3

We have a Java application which is acting as a server. Client applications (written in C#) are communicating with it using ZeroMQ. We are (mostly) following the Lazy Pirate pattern.

The server has a Router socket, implemented as follows (using JeroMQ):

ZContext context = new ZContext();
Socket socket = context.createSocket(ZMQ.ROUTER);
socket.bind("tcp://*:5555");

The clients connect and send messages like this:

ZContext context = ZContext.Create();
ZSocket socket = ZSocket.Create(context, ZSocketType.REQ);
socket.Identity = Encoding.UTF8.GetBytes("Some identity");
socket.Connect("tcp://my_host:5555");
socket.Send(new ZFrame("request data"));

We have experienced lost messages when multiple clients are sending messages at the same time. With a single client, there doesn't appear to be any problem.

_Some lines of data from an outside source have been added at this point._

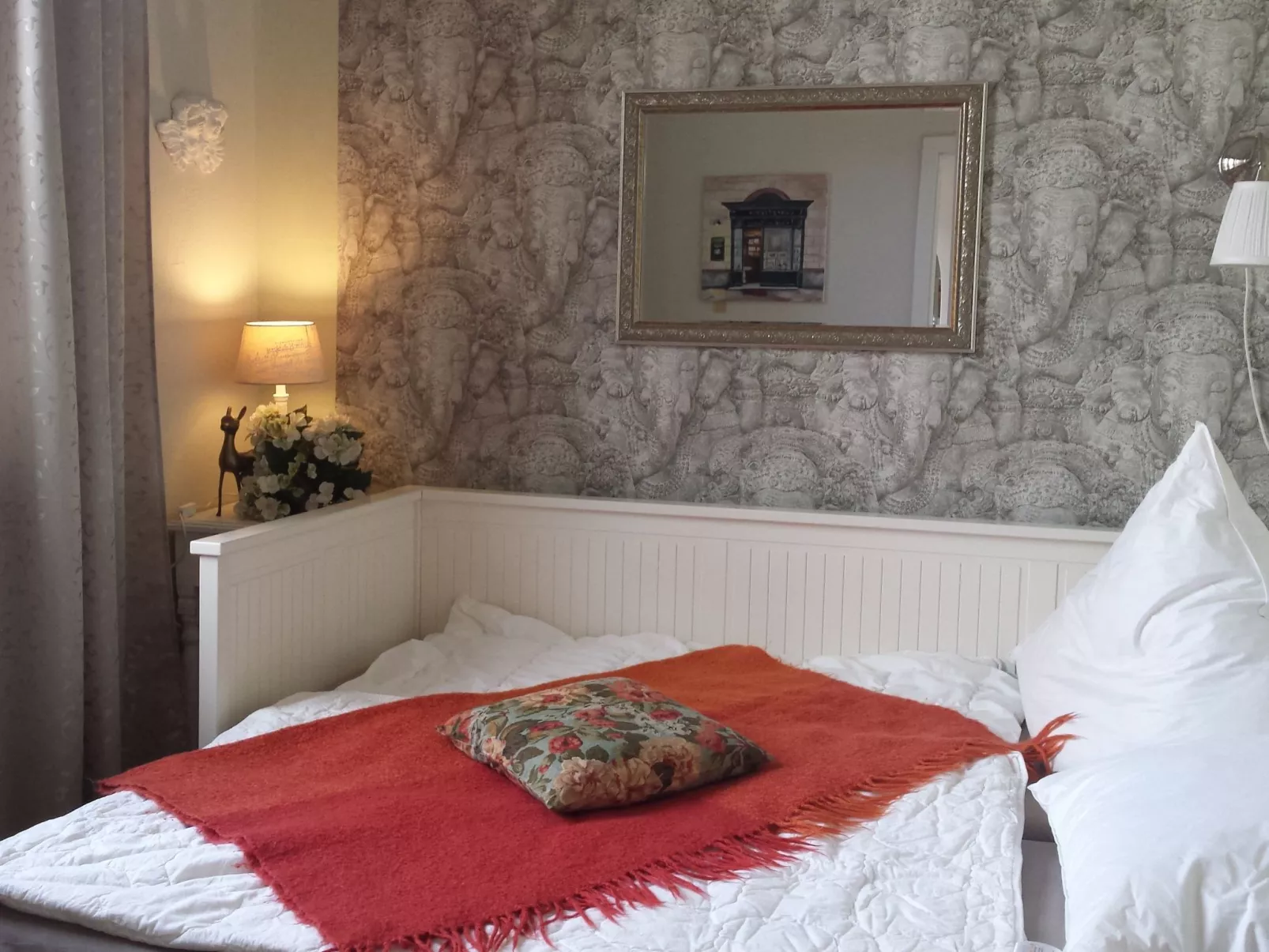 Mit Garten, Grill und Terrasse-Binnen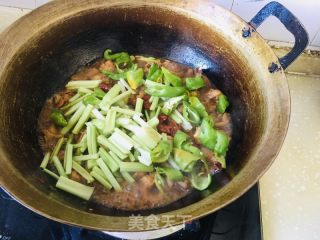 家常小公鸡的做法步骤：10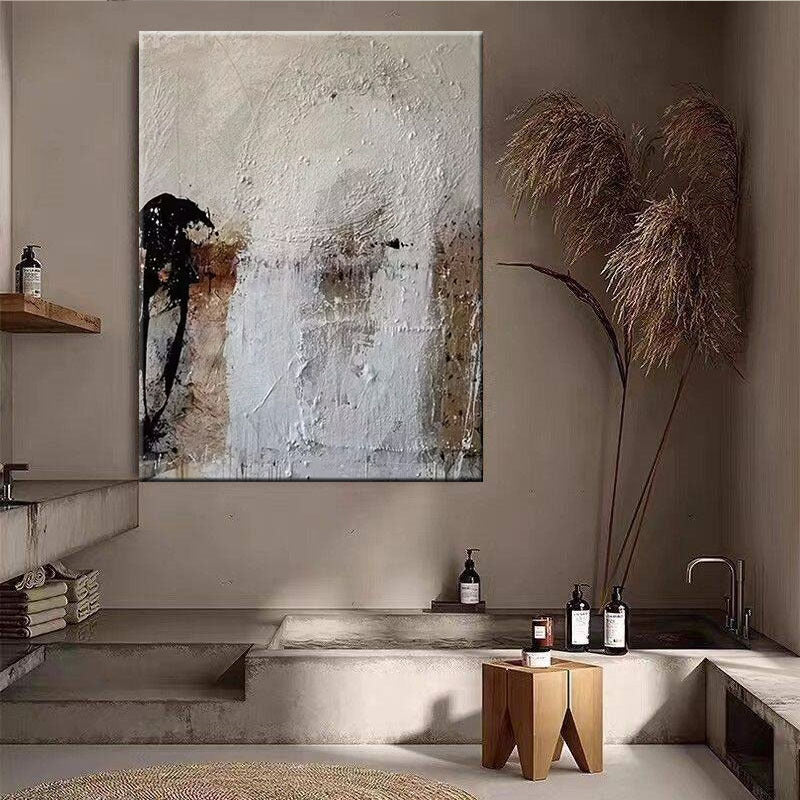 Contemporary Art Canvas Artwork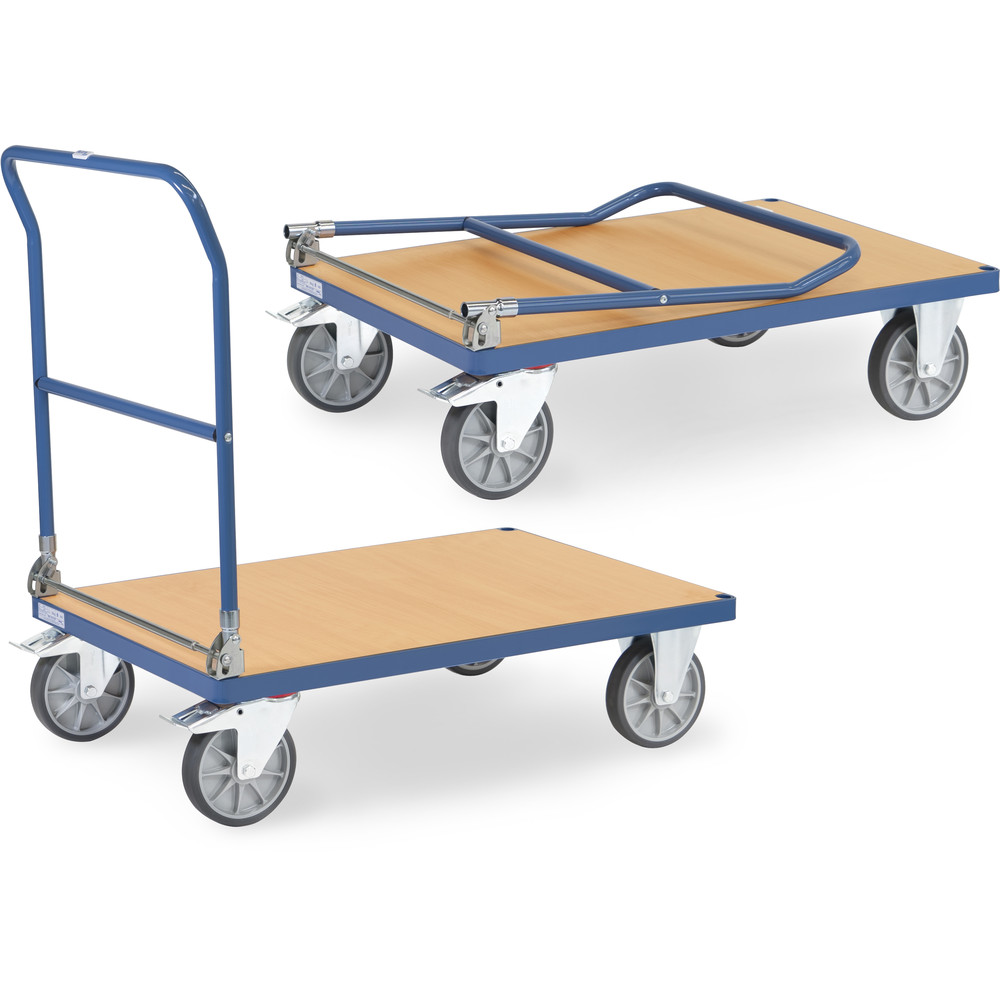 FETRA - FECHTEL TRANSPORTGERÄTE Klappwagen 2502-K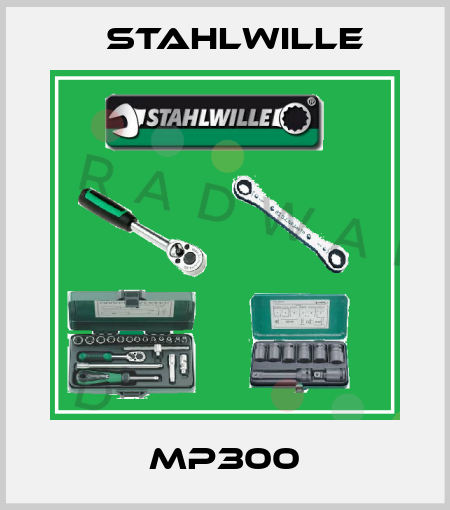 MP300 Stahlwille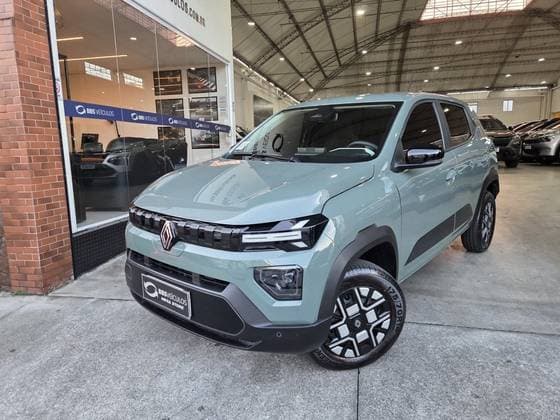 Carro 27 KW ELÉTRICO TECHNO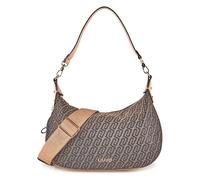 Liu Jo Kaliska Shoulder Bag M 32 cm with expansion pleat brown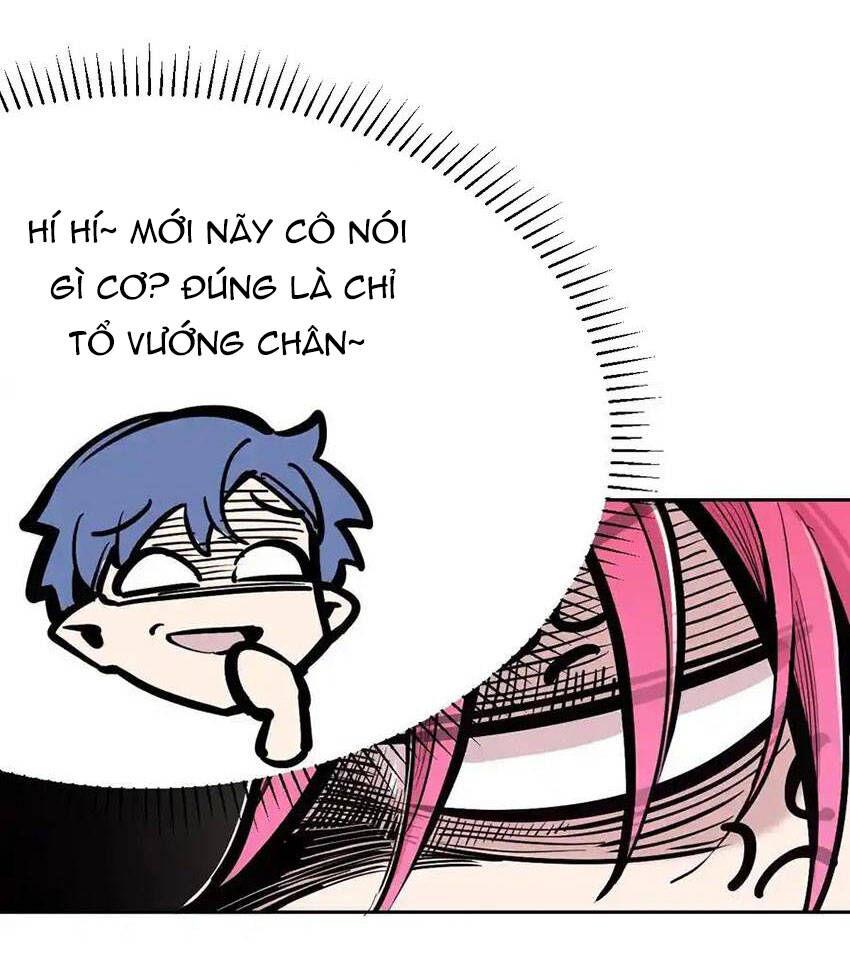 Oan Gia Chung Nhà: Thiên Thần X Ác Quỷ, Sao Mà Thân Được!? Chapter 112 - Trang 2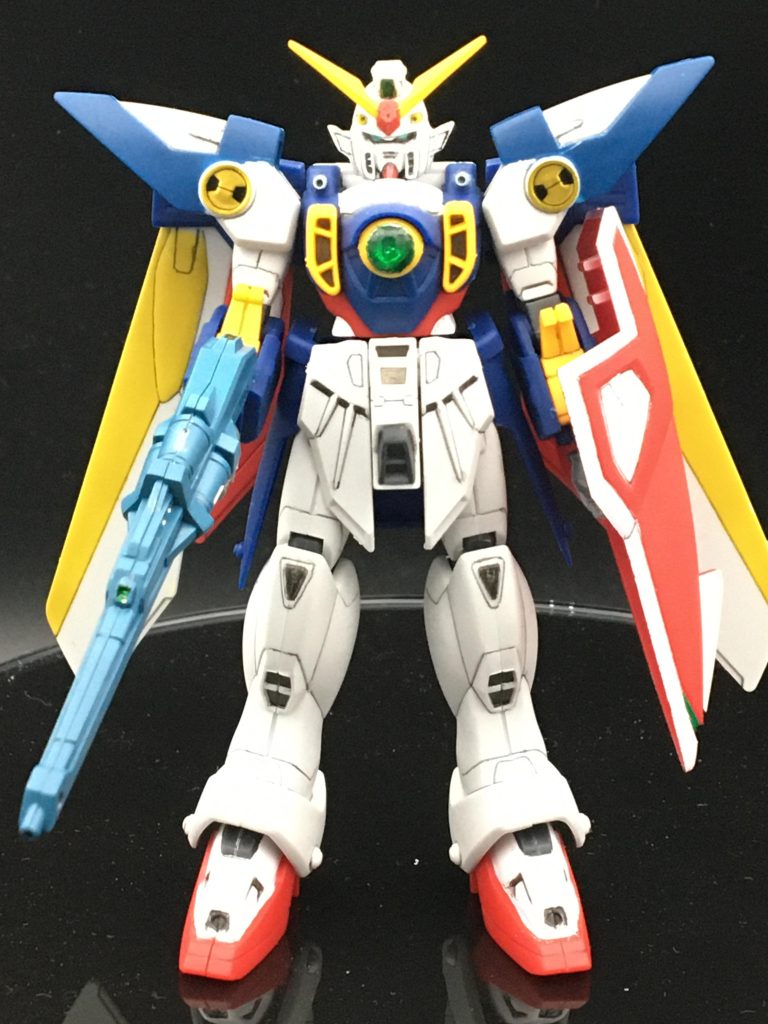 1/144 ウイングガンダム　–6枚目/制作者：dategan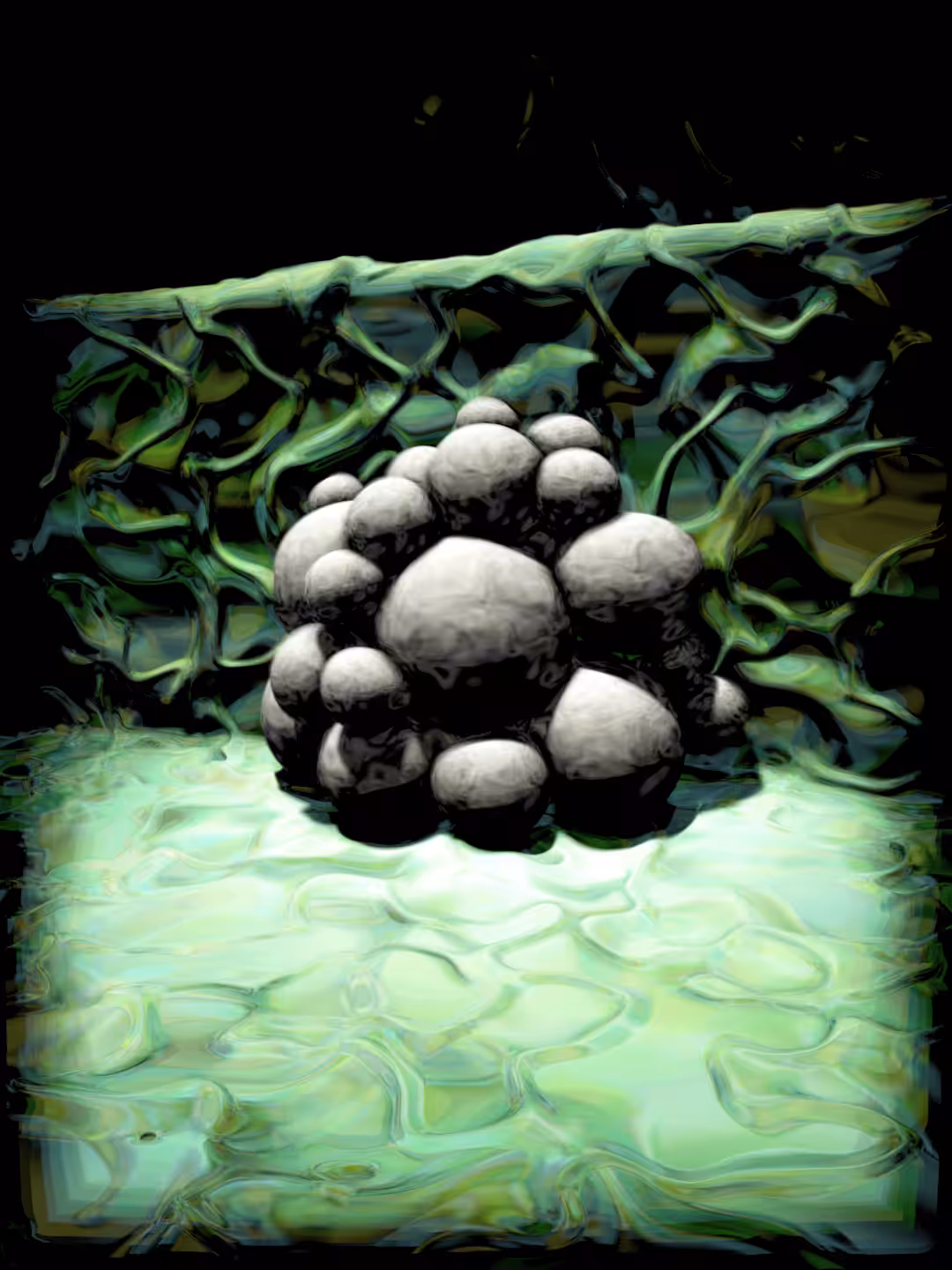Balls to the Walls #15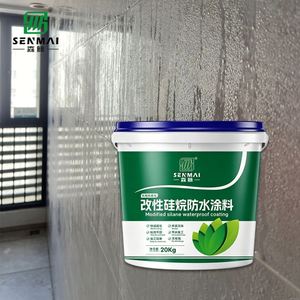 Revêtement Imperméabilisant au Silane Modifié Adapté aux Travaux d'Étanchéité dans les Salles de Bain et les Cuisines - Product Image 6
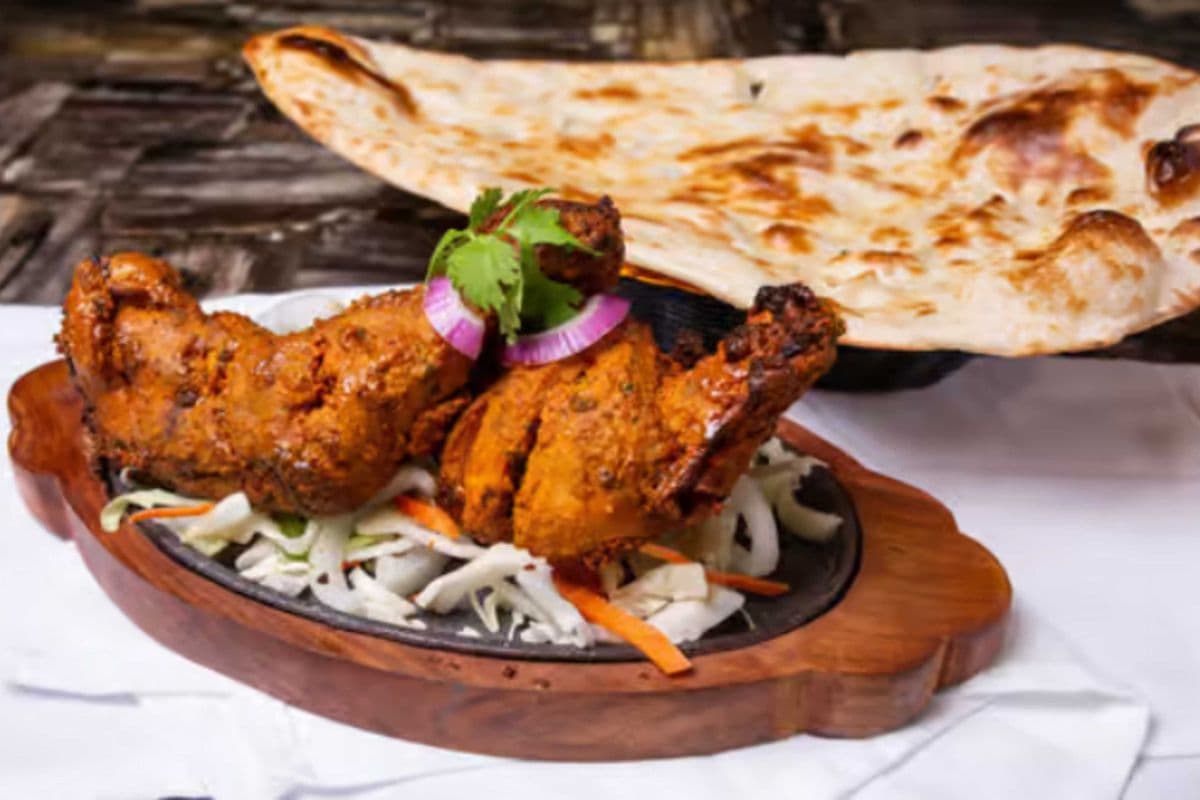 Tandoori Chicken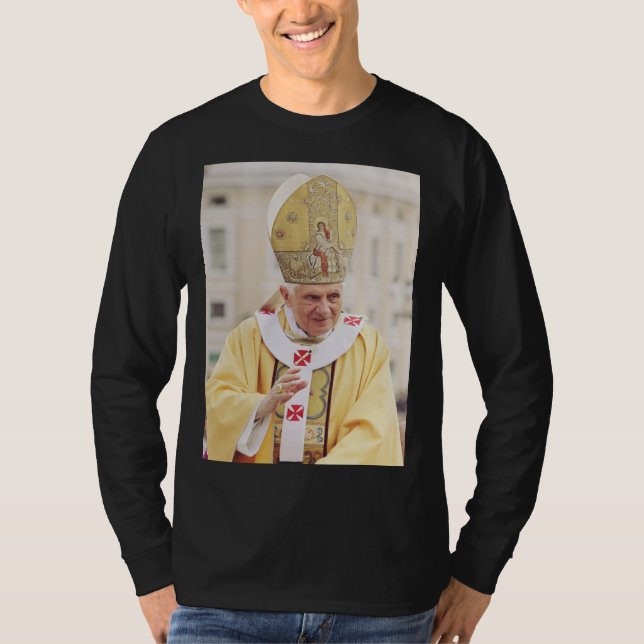 T-shirt Benoît XVI (Devant)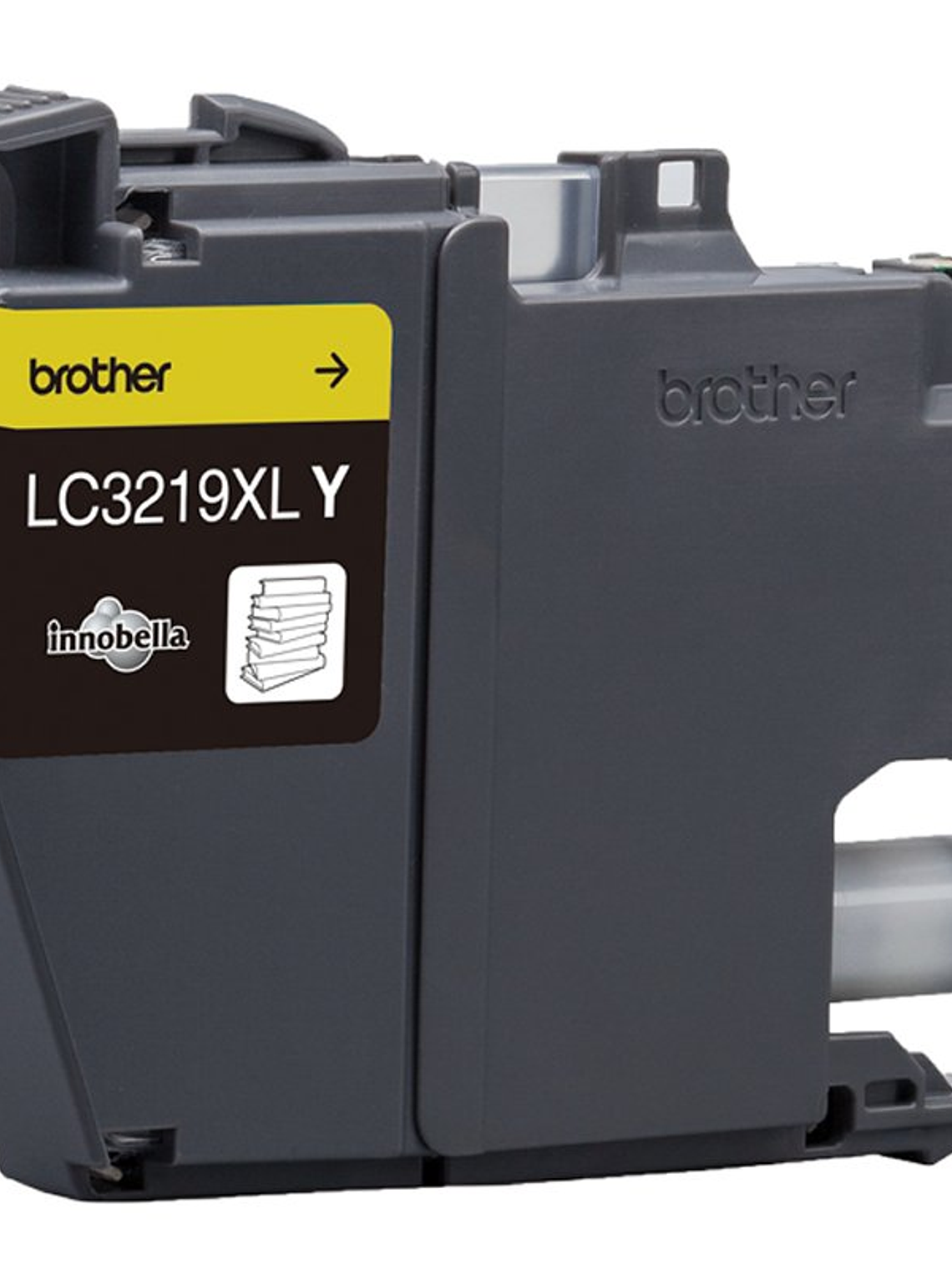 Brother Cartucho LC3219XLY Amarillo 2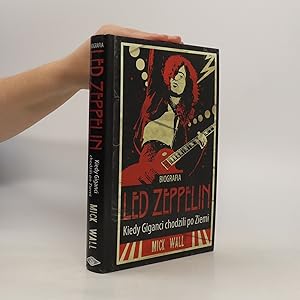 Imagen del vendedor de Led Zeppelin. Kiedy Giganci chodzili po Ziemi a la venta por Bookbot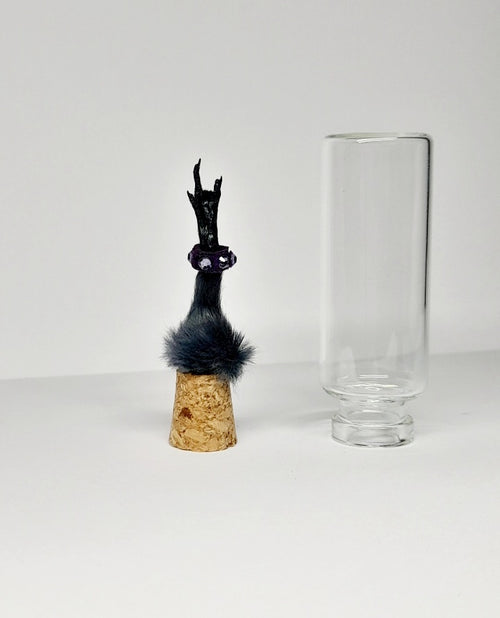 Rock n Roll Taxidermy Mouse Arm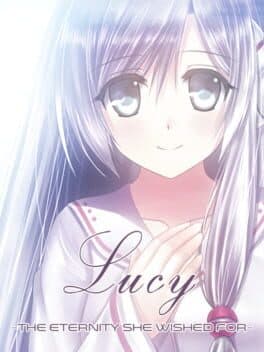 Lucy -The Eternity She Wished For- cover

Are we implementing this the right way for a multiple-client-single-server setup?

Update: Example client and server exhibiting this behaviour:

Server:

import org.zeromq.ZContext;
import org.zeromq.ZMQ;
import org.zeromq.ZMQ.PollItem;
import org.zeromq.ZMQ.Poller;
import org.zeromq.ZMQ.Socket;
import org.zeromq.ZMsg;

public class SimpleServer
{
    public static void main(String[] args) throws InterruptedException
    {
        ZContext context = new ZContext();
        Socket socket = context.createSocket(ZMQ.ROUTER);
        socket.setRouterMandatory(true);
        socket.bind("tcp://*:5559");

        PollItem pollItem = new PollItem(socket, Poller.POLLIN);

        int messagesReceived = 0;
        int pollCount = 0;

        while ((pollCount = ZMQ.poll(new PollItem[]{pollItem}, 3000)) > -1)
        {
            messagesReceived += pollCount;

            for (int i = 0 ; i < pollCount ; i++)
            {
                ZMsg msg = ZMsg.recvMsg(socket);
                System.out.println(String.format("Received message: %s. Total messages received: %d", msg, messagesReceived));
            }

            if (pollCount == 0)
            {
                System.out.println(String.format("No messages on socket. Total messages received: %d", messagesReceived));
            }
        }
    }
}

Client:

using NetMQ;
using System;
using System.Text;

namespace SimpleClient
{
    class Program
    {
        static byte[] identity = Encoding.UTF8.GetBytes("id" + DateTime.UtcNow.Ticks);

        static void Main(string[] args)
        {
            for (int i = 0; i < 100; i++)
            {
                SendMessage();
            }
        }

        private static void SendMessage()
        {
            using (NetMQContext context = NetMQContext.Create())
            {
                using (NetMQSocket socket = context.CreateRequestSocket())
                {
                    socket.Options.Identity = identity;
                    socket.Connect("tcp://localhost:5559");
                    socket.Send(Encoding.UTF8.GetBytes("hello!"));
                }
            }
        }
    }
}

If I run the server and a single client, I can see all my 100 messages arrive. If I run, say, 5 clients simultaneously, I only get around 200 -> 300 messages arrive, instead of the full 500. As an aside, it appears that closing the socket in the client is somehow stopping the router socket on the server from receiving messages briefly, although this is just a theory.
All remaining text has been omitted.